Task brief » Reproduce the listing below exactly. Pictures do not belong in the copy.

──────── The data

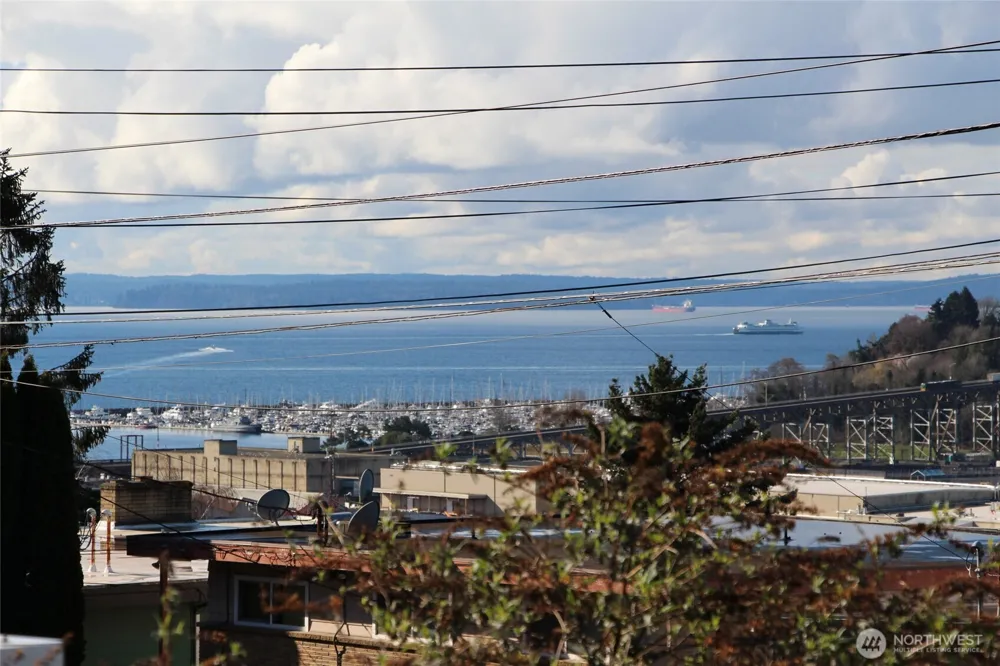 2568 13th Avenue W Seattle, WA 98119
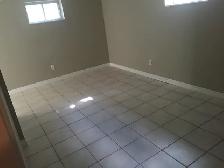 Newly renovated one bedroom - Photo 3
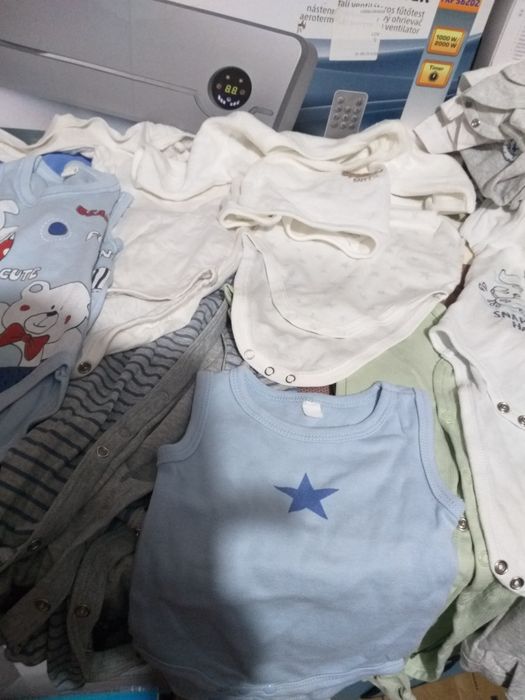 Lot 30 articole Haine Nr 60 -80 60 lei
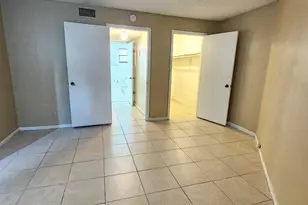 2000 N Congress Ave, West Palm Beach, FL 33401 - Photo 11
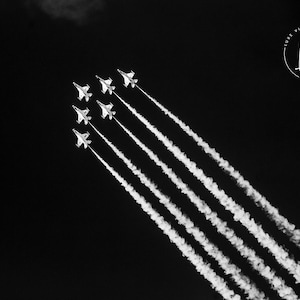 USA Thunderbirds photo, F16 Thunderbirds wall art, black and white photography, military aviation, patriotic home decor, boys room art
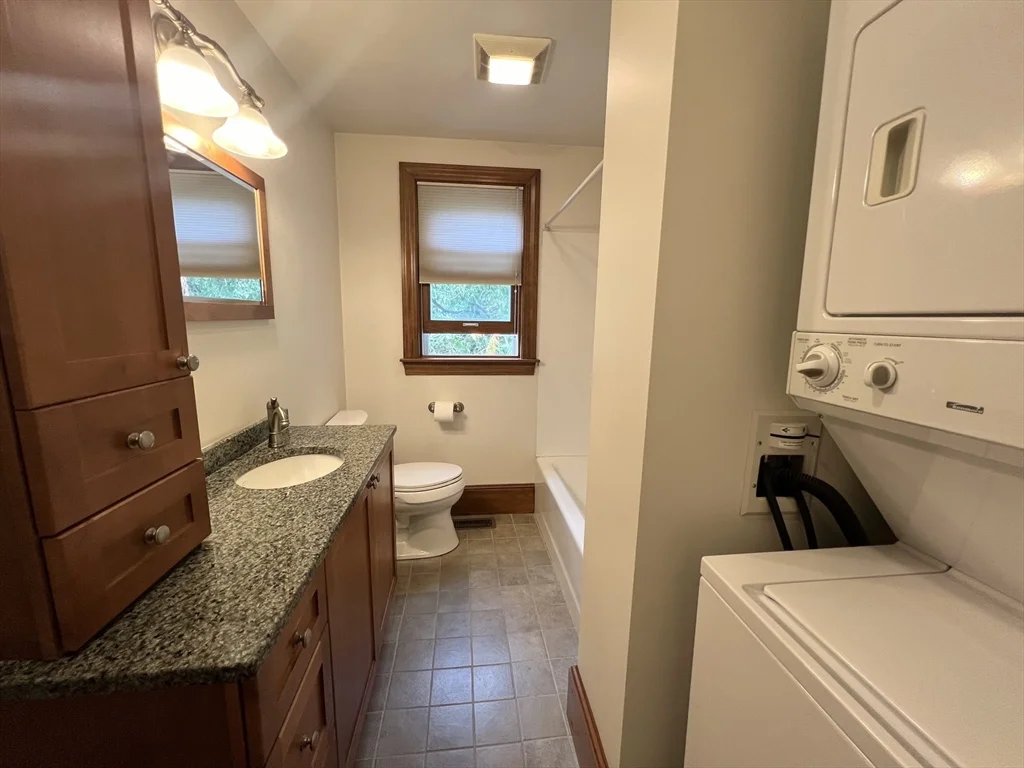 584 Humphrey St, Swampscott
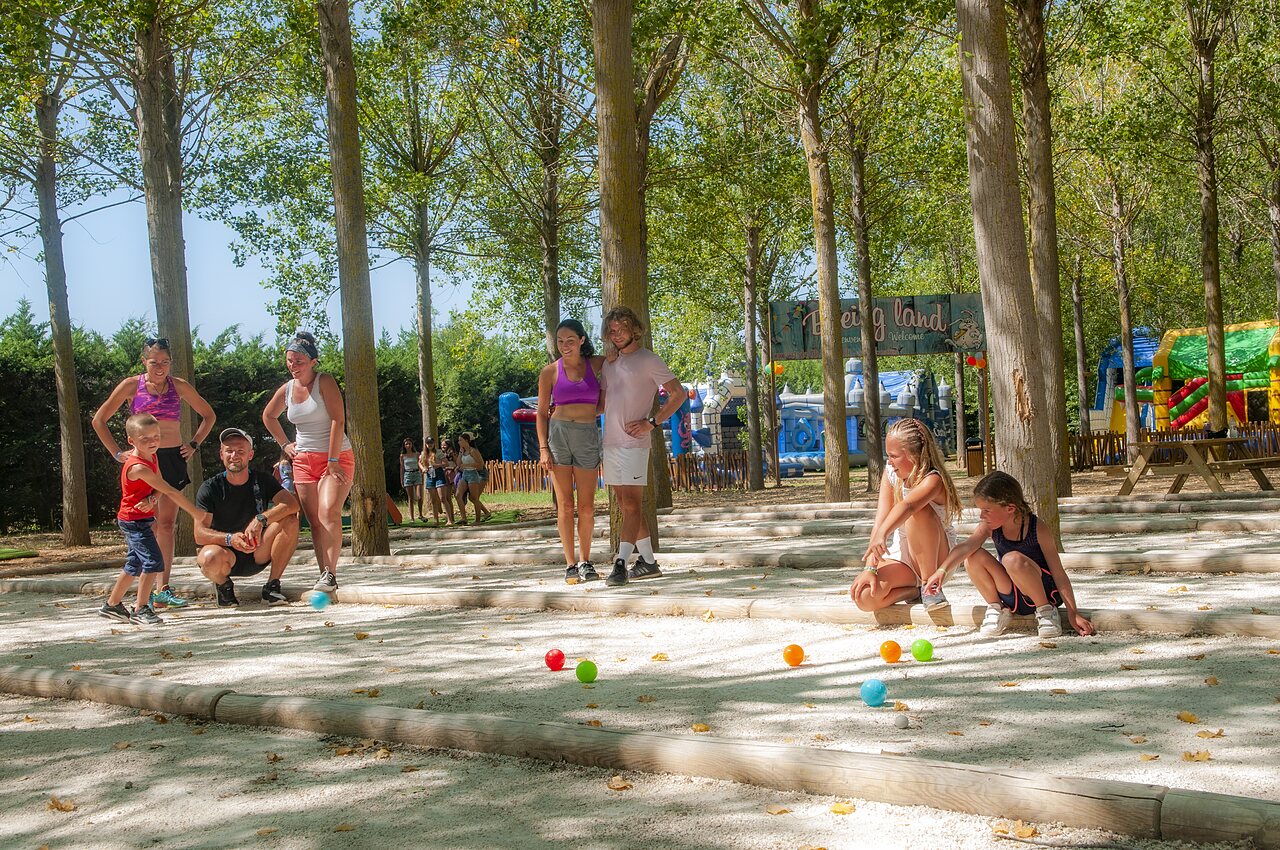Families petanque spelend, opblaasbaar park op camping CAPFUN Emeraude, Portiragnes (34).
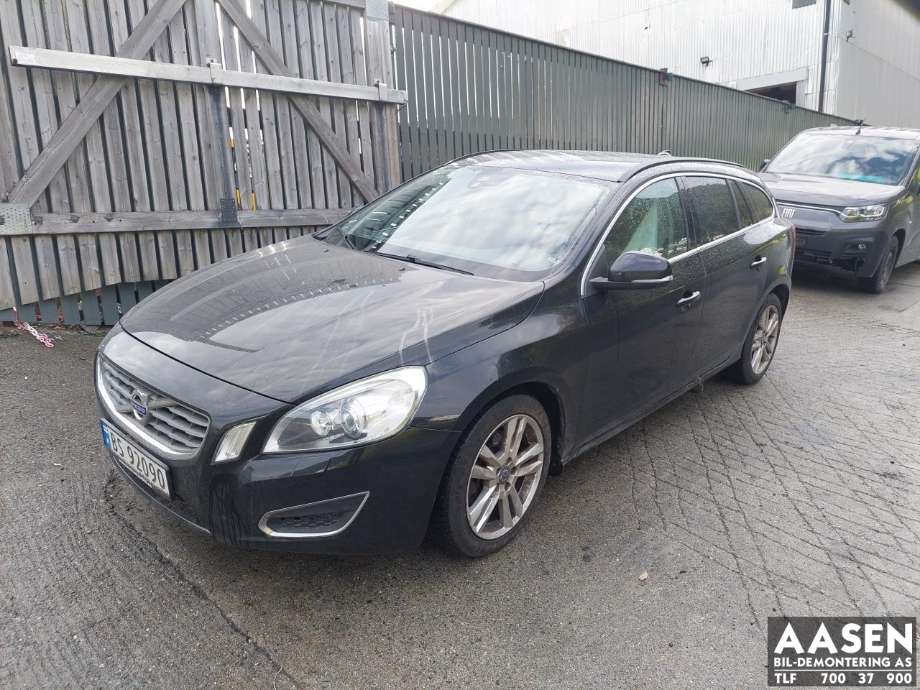 Volvo V60 2010-2013 (Type I, Fase 1) , Motorkode: D5204T3, Girkassekode: 1285121
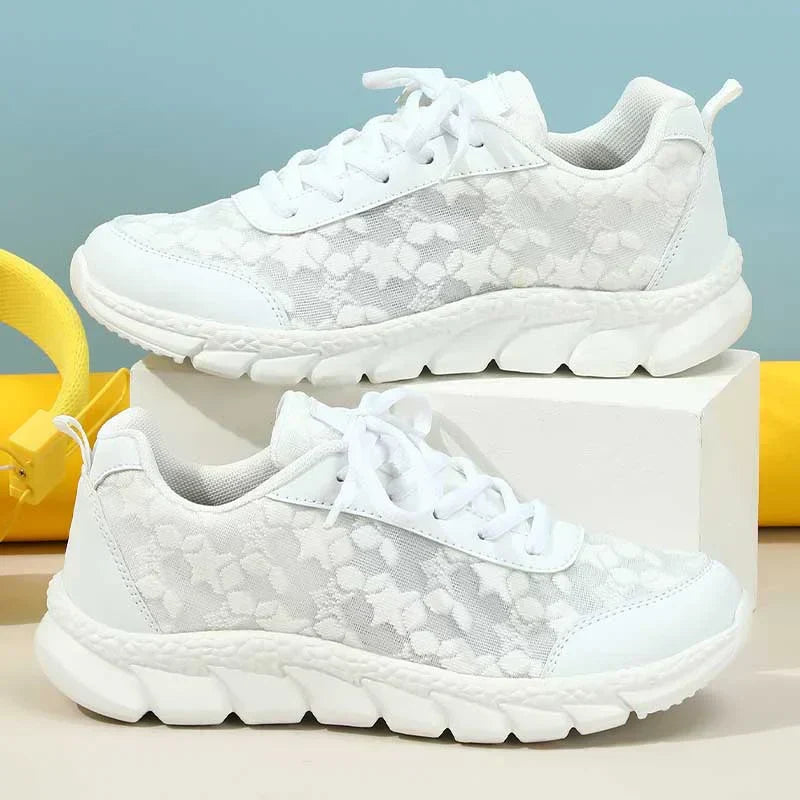 Lace sneakers - elegante en luchtige damesschoenen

────────────────

Result for this exercise »
 2568 13th Avenue W Seattle, WA 98119
 Newly renovated one bedroom - Photo 3
 Lot 30 articole Haine Nr 60 -80 60 lei
 2000 N Congress Ave, West Palm Beach, FL 33401 - Photo 11
 USA Thunderbirds photo, F16 Thunderbirds wall art, black and white photography, military aviation, patriotic home decor, boys room art
 584 Humphrey St, Swampscott
Families petanque spelend, opblaasbaar park op camping CAPFUN Emeraude, Portiragnes (34).
 Volvo V60 2010-2013 (Type I, Fase 1) , Motorkode: D5204T3, Girkassekode: 1285121
 Lace sneakers - elegante en luchtige damesschoenen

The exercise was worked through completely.